▸ HOW TO COMPLETE THIS TASK
In the entries that follow, the lines from the line containing "50 Yard Roll" up to and including the line containing "Handcrafted beautiful long" must be copied exactly, with pictures omitted.

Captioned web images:
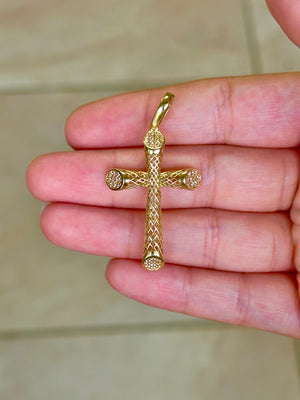 18k Gold CZ Cross Pendant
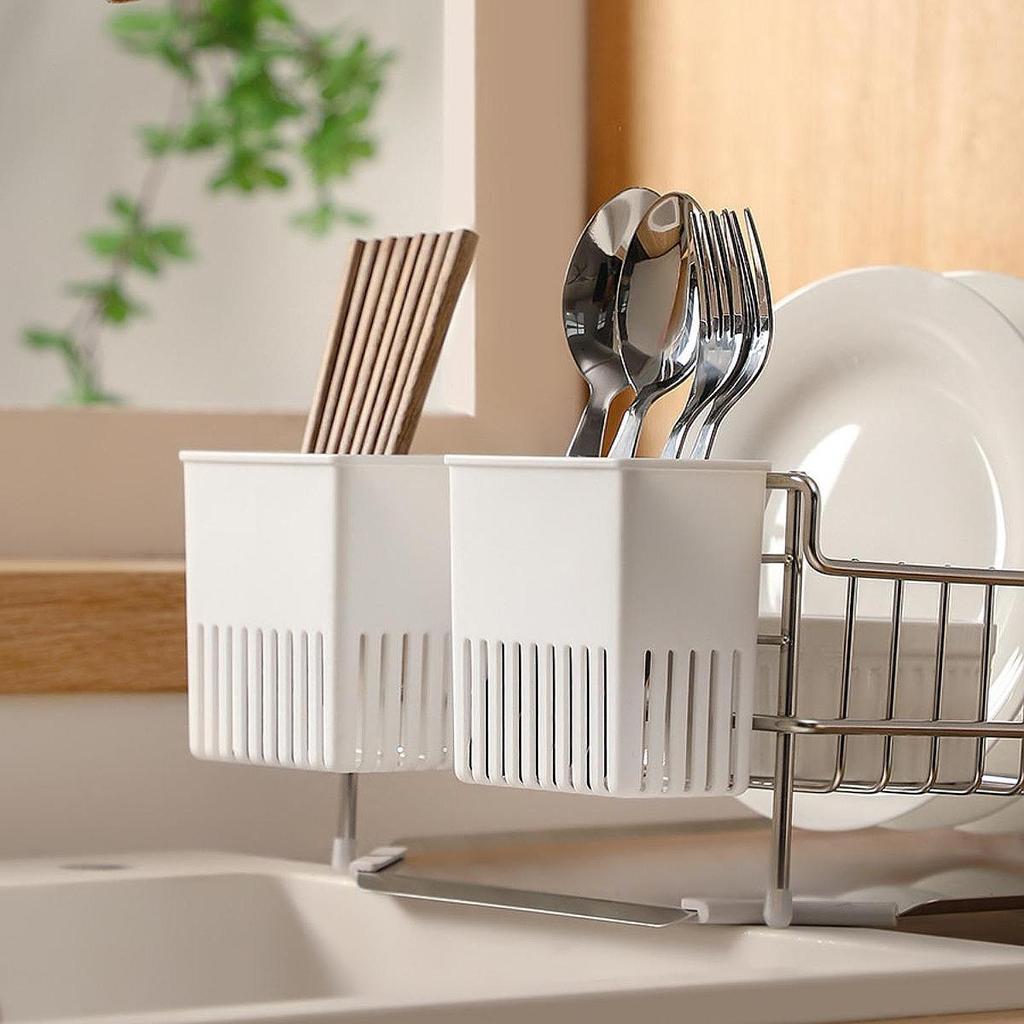 Utensil Storage Holder for Forks and Spoons Draining Rack Basket Tableware Organizer for Kitchen Sink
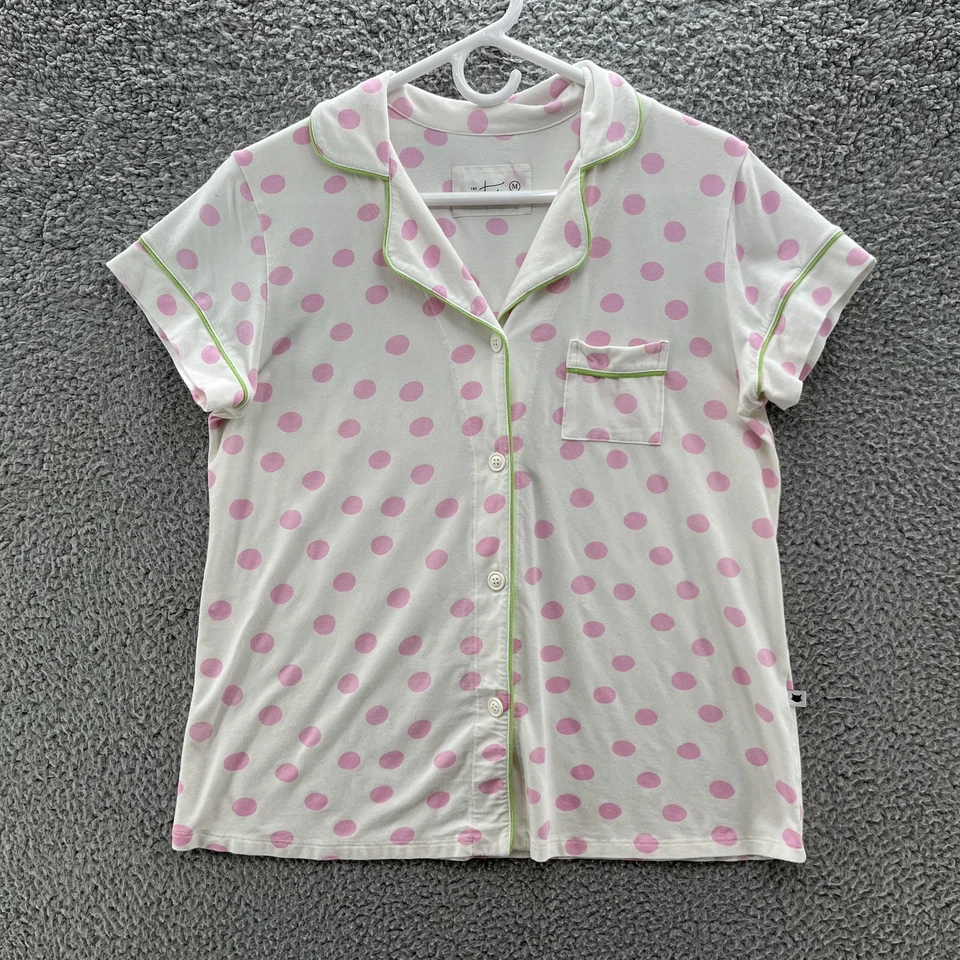 Conjunto de pijama feminino The Cats médio branco rosa bolinhas top calça roupa de dormir lounge - Imagem 2 de 4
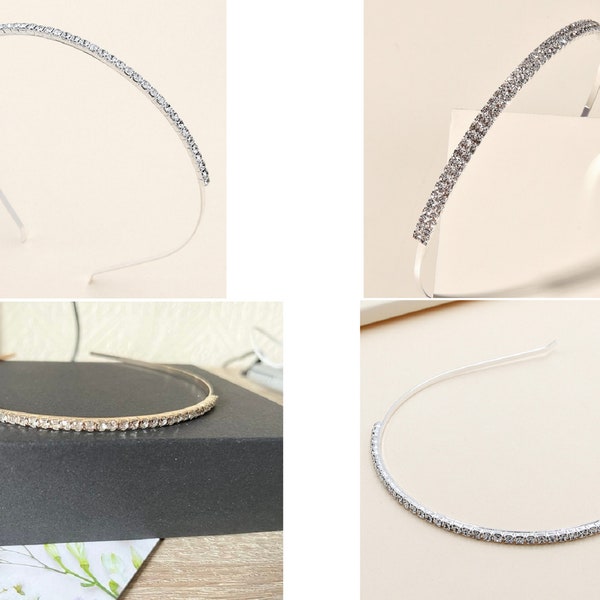 1-reihig, 2-reihig, 3-reihig, 4-reihig / Kristall Hochzeit Stirnband, Braut Haarschmuck, Hochzeit Haarband, Brautjungfer Kristall Stirnband TS1407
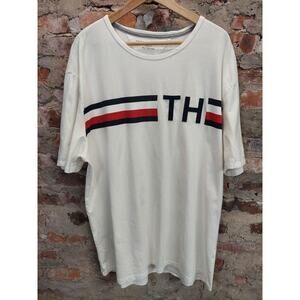 Tommy Hilfiger Mens Graphic T-Shirt XXL White Short Sleeve Logo Shirt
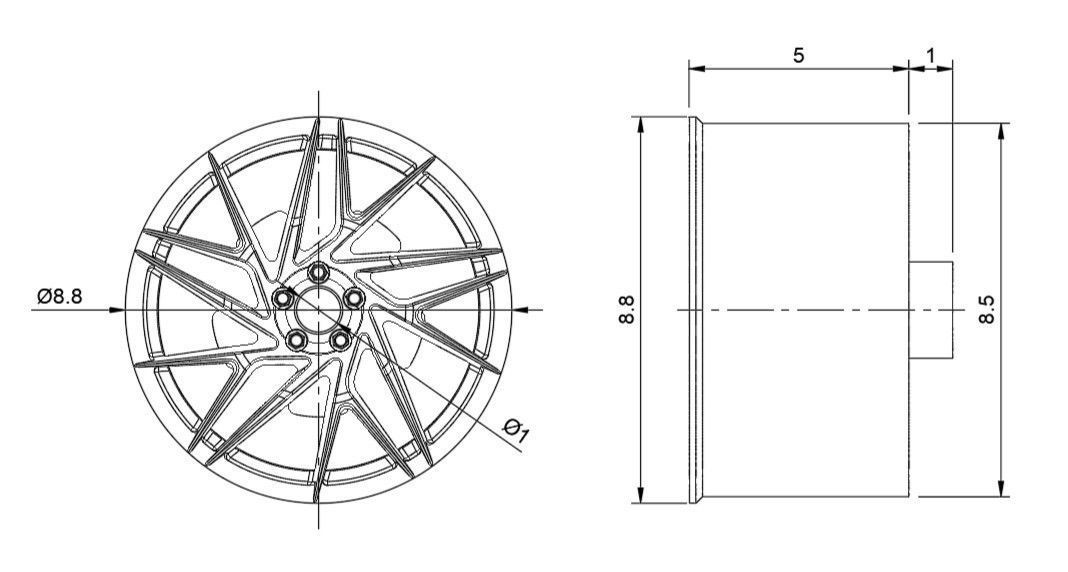 WORK WHEELS GNOSIS IS105 RIMS FOR DIECAST 64 SCALE 3D model 3D ...
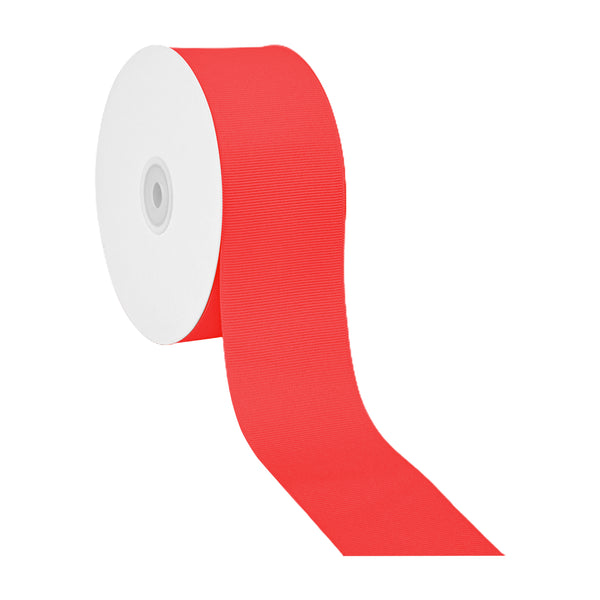 2 1/4" Textured Grosgrain Ribbon | Hot Red (252) | 50 Yard Roll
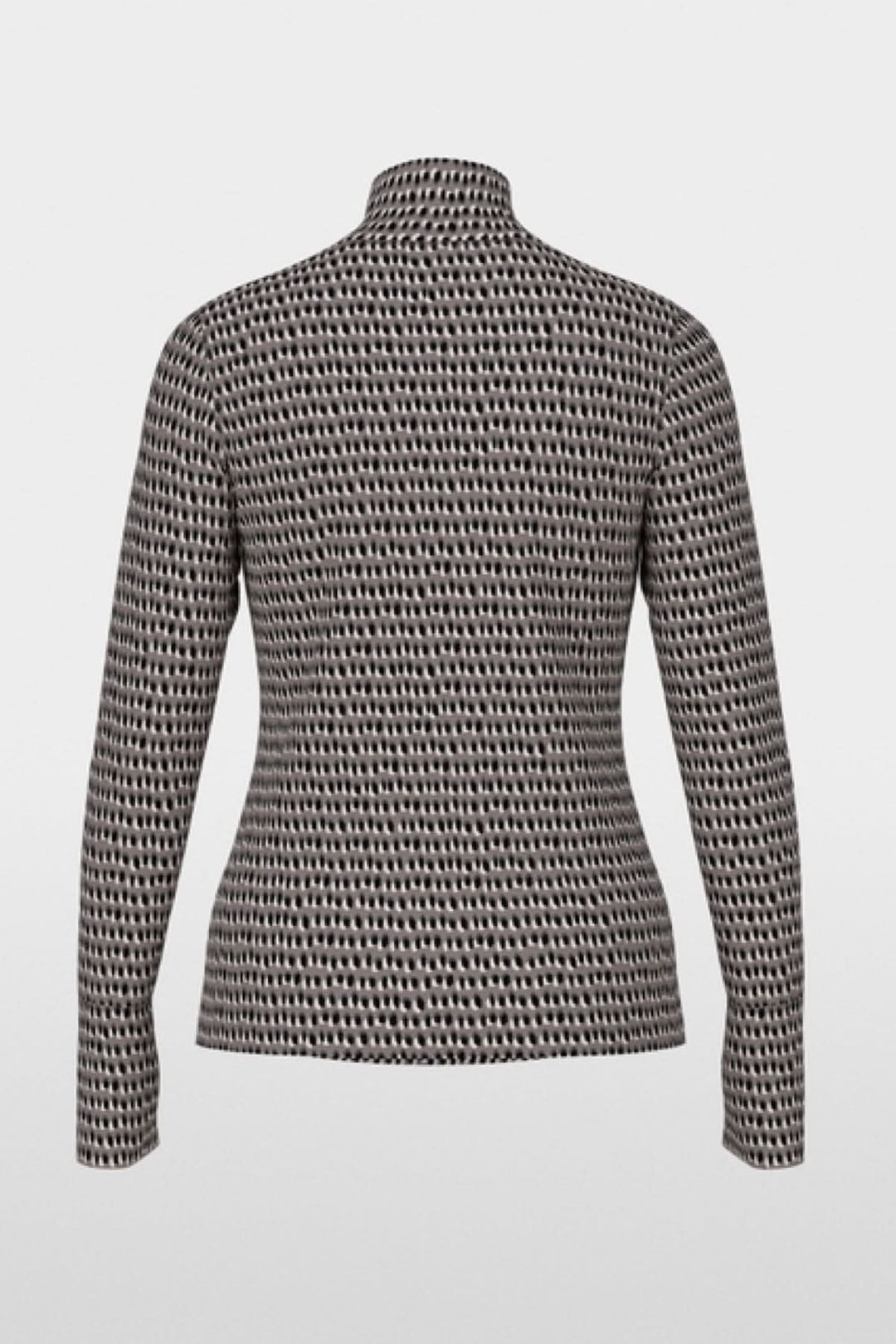 Chandail imprimé pailleté, coupe près du corps avec col montant, manches longues et poignets boutonnés, en arrière-plan blanc.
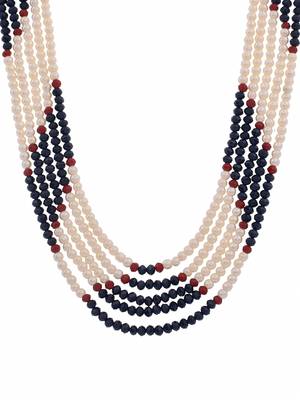 Handcrafted beautiful long layered pearl nacklace for women/girls 4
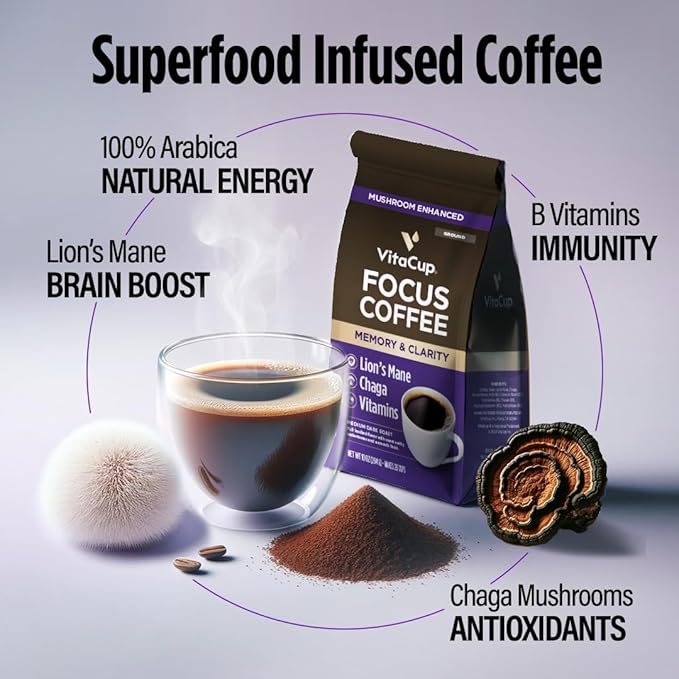 VitaCup Focus Mushroom Coffee Grounds, with Lions Mane, Chaga, B Vitamins, D3, Boost Focus, Immunity, Memory & Clarity, Medium Dark Roast, Bold & Smooth 100% Arabica Specialty, 6 bags, 10oz each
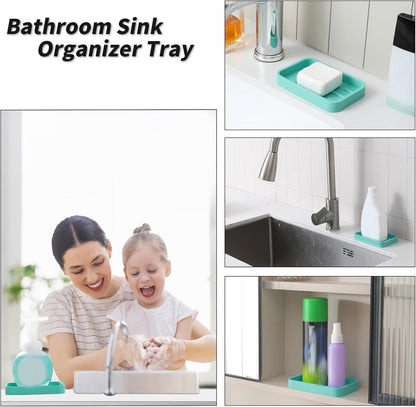 Silicone Kitchen Sink Organizer Tray for Multiple Usage,Easy Clean Sponges Holder for Kitchen Bathroom Counter or Sink,Dish Soap Dispenser,Scrubber,Bottle,Cup Mint 4.9”x 3.2”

▸ REPLY TO THE TASK
 2 1/4" Textured Grosgrain Ribbon | Hot Red (252) | 50 Yard Roll
 Chandail imprimé pailleté, coupe près du corps avec col montant, manches longues et poignets boutonnés, en arrière-plan blanc.
 Handcrafted beautiful long layered pearl nacklace for women/girls 4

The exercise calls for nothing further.